Matt Markowski, Contributing Writer

“Torch Song” has a timeless quality and llatches tight onto its audience, refusing to let go. Harvey Fierstein originally wrote the play as three separate pieces that were performed at La Mama from 1978 to 1979. The three premiered together as the “Torch Song Trilogy” off-Broadway in 1981 and in 1982, transferred to Broadway and became a smash hit. Even with recent strides by the LGBTQ community to earn universal acceptance and respect, “Torch Song” still feels as powerful and impactful as ever.

“Torch Song,” an abbreviated version of the trilogy presented as a single work, tells the story of Arnold Beckoff, a gay man living in New York City in the 1970s who earns his living as a drag queen. Arnold simply wants to find love and create a family of his own but is constantly reminded that the world is pitted against him. In the climatic final act of the play, Arnold realizes that, in the face of trials and tribulations, all he wants is respect and happiness.

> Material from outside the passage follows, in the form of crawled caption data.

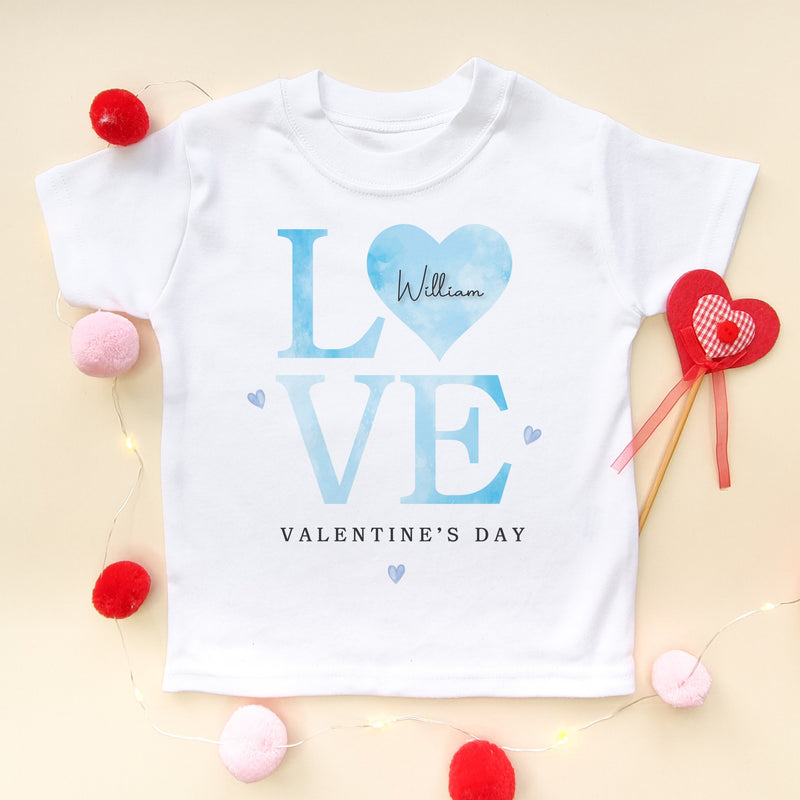 Valentine's Day Love Blue Personalised Toddler & Kids T Shirt - Little Lili Store (8896127172888)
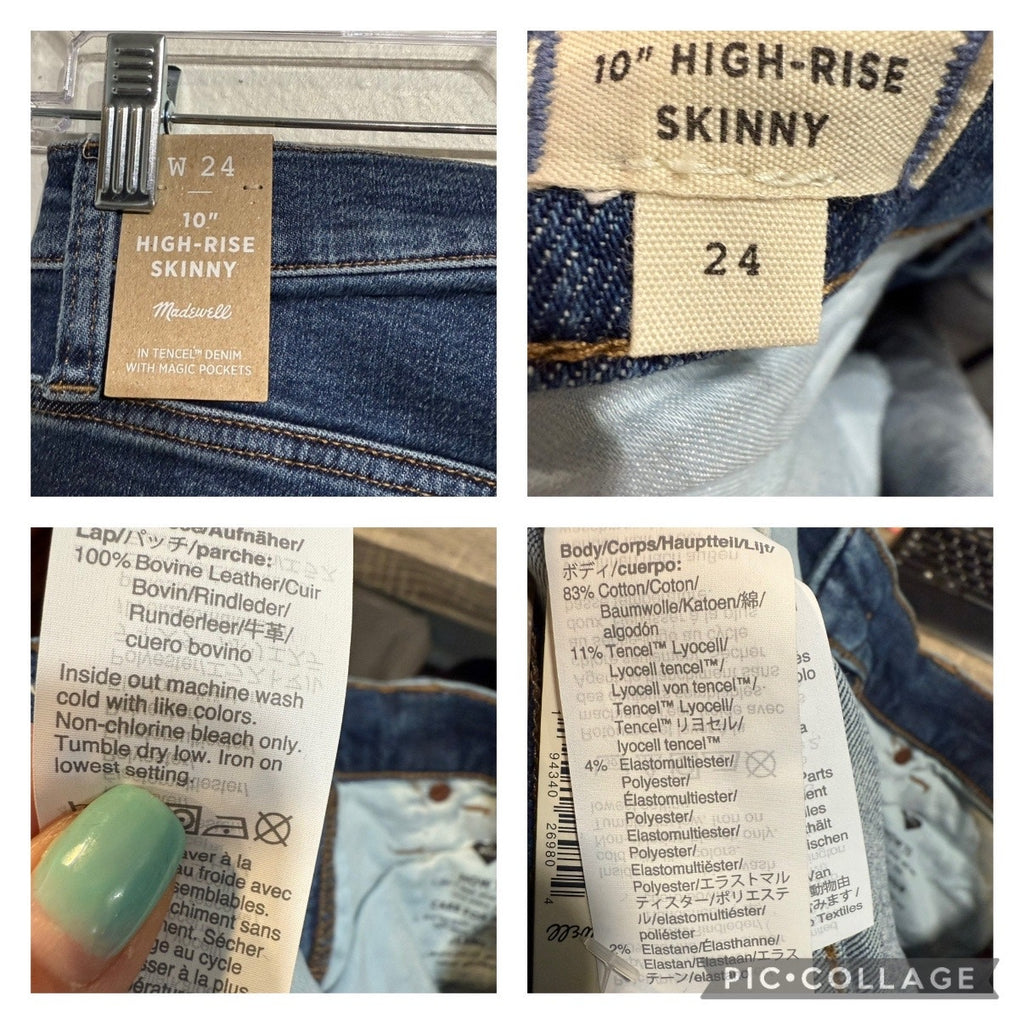 Madewell Blue 10" High-Rise Skinny Jeans Sz 24 NWT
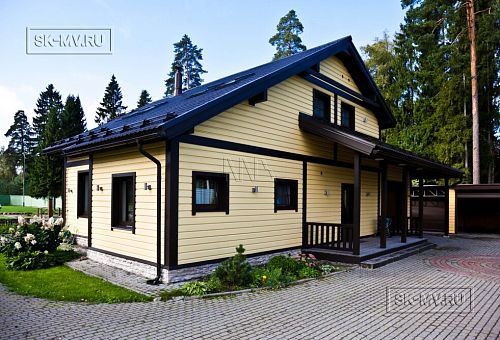 Строительство большого желтого каркасного дома с гаражом и сауной в пгт Сиверский - 12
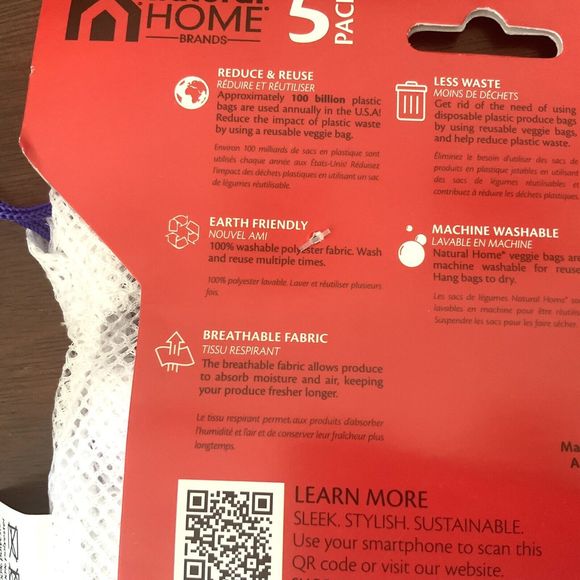 Natural Home Brands Reusable Produce Bags with Drawstrings WP76 Pack of 5 - NEW - Picture 8 of 11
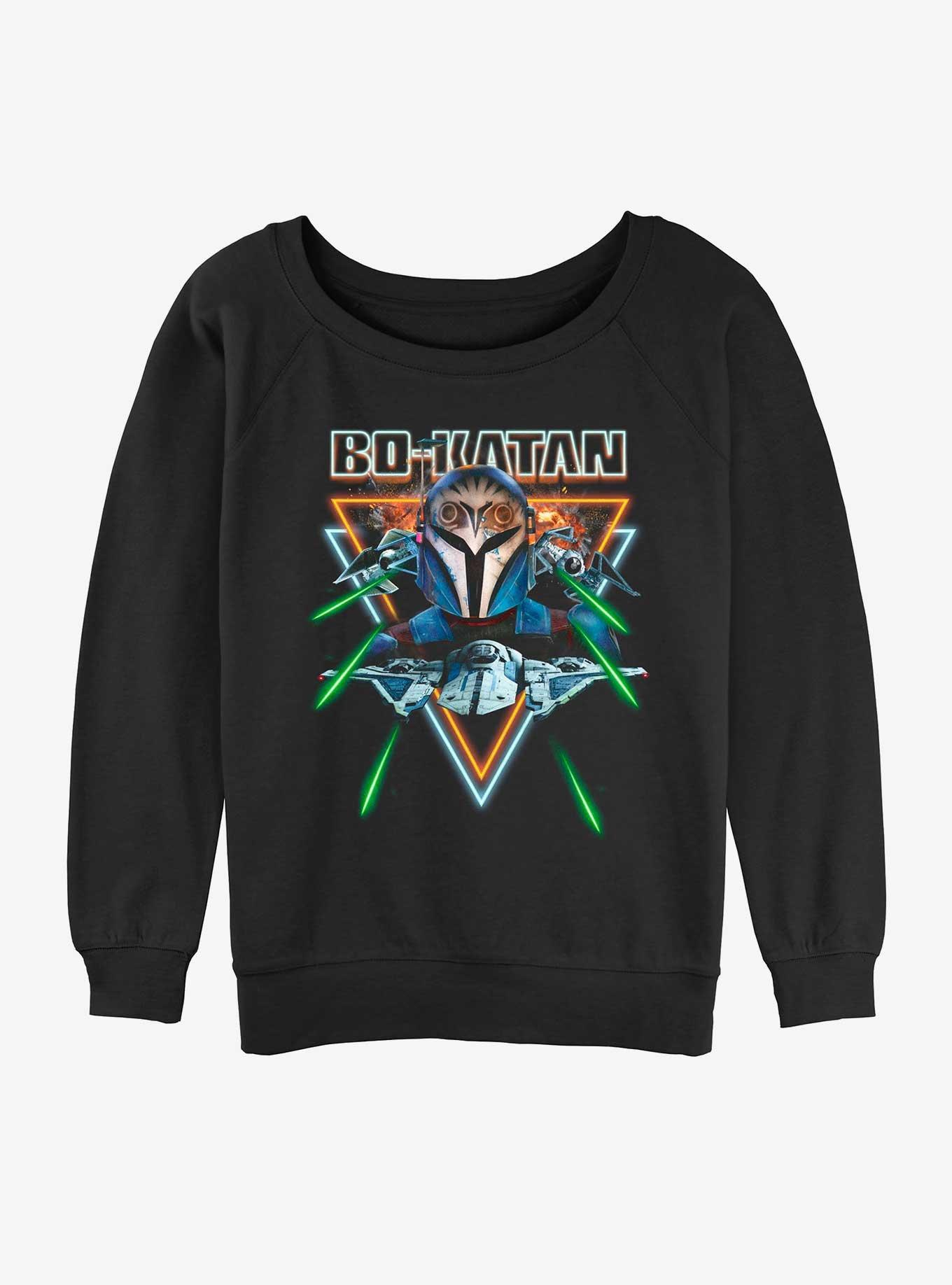 Star Wars The Mandalorian Bo-Katan Dogfight Womens Slouchy Sweatshirt, BLACK, hi-res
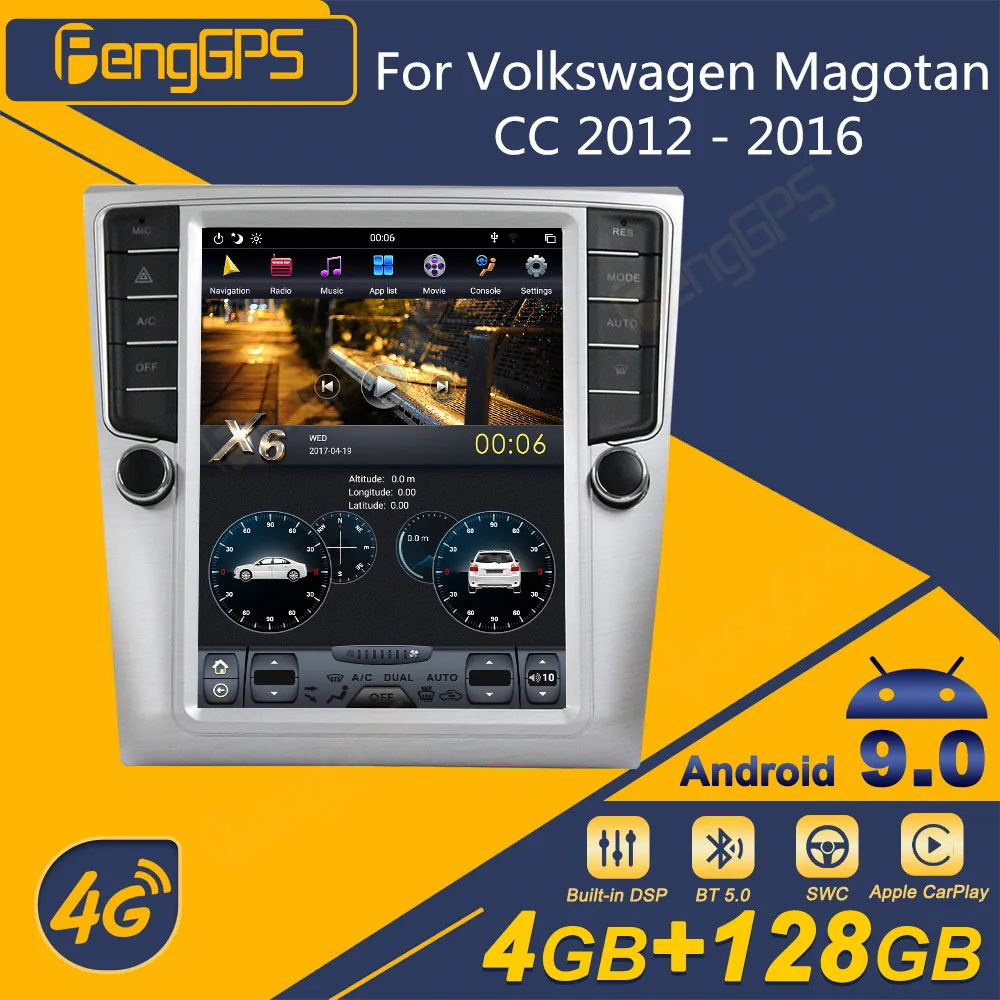 Автомагнитола для Volkswagen Magotan CC 2012-2016, Android, экран Tesla, 2Din стереоприемник, Авторадио, мультимедийный DVD-плеер, GPS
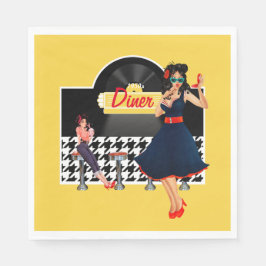 Diner geel zwart-wit, ingecheckt servet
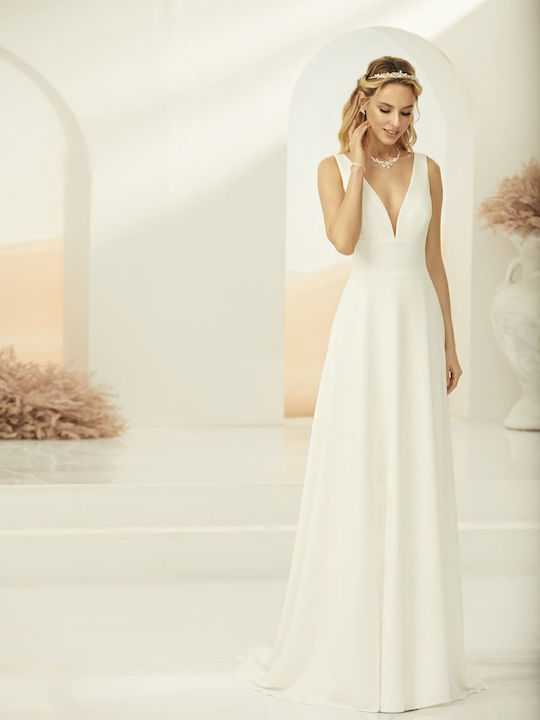 Anastasia Maxi Νυφικό Φόρεμα με Διαφάνεια Λευκό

Director Moisés Kaufman flawlessly portray the life of Arnold onstage, balancing the fine line between comedy and drama. One moment, the audience is laughing as Arnold navigates the backroom at a bar and has sex in the pitch black. The next, the audience is on the verge of tears as Arnold realizes that he was nothing more than an object to his lover.

“Torch Song” teaches the audience that it is okay to experience both laughter and tears. It illustrates the rollercoaster ride that love and life can be. Arnold is not an emotionally stagnant character throughout the play. He faces a spectrum of emotional states from the highest highs to the lowest lows. Fierstein created a character that is more real than fictional, allowing the audience to truly empathize with him.


Arnold is not the only fully formed character. The entire cast of “Torch Song” form an ensemble deserving of a standing ovation. Jack DiFalco, Ward Horton, Roxanne Hope Radja and Michael Hsu Rosen breathe life into their characters. Whether it be through the pain expressed by Radja finding out that her husband still loves his male lover or the restrained outpourings of love from DiFalco, they figures in a colorful portrait of life.

Mercedes Ruehl as Ma appears only in Act Two, but she leaves an indelible mark. She delicately balances a deep love for her son Arnold with an alienated distance due to his homosexuality. She has the audience laughing — and then immediately gasping at her degradation of her own son.

Standing out above all is Michael Urie as Arnold. His performance is both utterly hilarious and heartbreaking, but his opening monologue sets the tone for the entire play. He effortlessly cracks the audience up, explaining the different types of men in his life and the ones to avoid. Then, he transforms almost instantaneously into a vulnerable being in complete drag, explaining in sign language that he has loved before but never enough.

“Torch Song” is now running at The Hayes Theater at 240 W. 44th St. through Feb. 24, 2019.